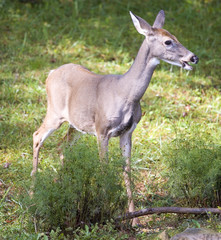 whitetail doe in early fall with mouth open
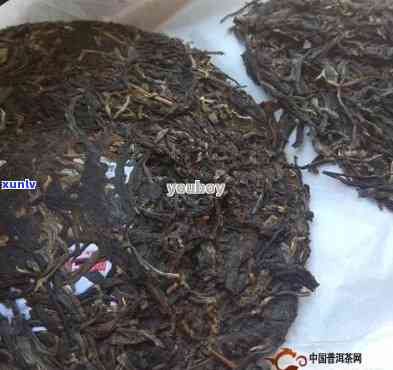 古树普洱生茶价格表-古树熟普洱茶价格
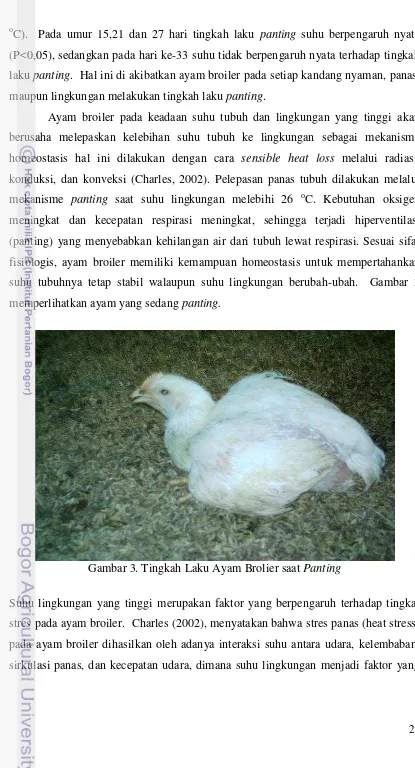 Gambar 3. Tingkah Laku Ayam Brolier saat Panting  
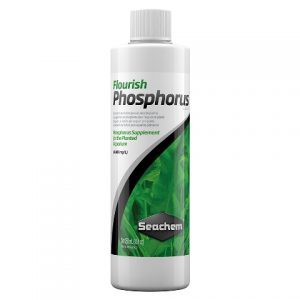 Seachem Phosphorus - Luca Aquarium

> [Your objective]: Your reply should be the full data above, copied exactly, with no pictures in it.

> [Expected answer]:
 whitetail doe in early fall with mouth open
 古树普洱生茶价格表-古树熟普洱茶价格
 Gambar 3. Tingkah Laku Ayam Brolier saat Panting  
 Seachem Phosphorus - Luca Aquarium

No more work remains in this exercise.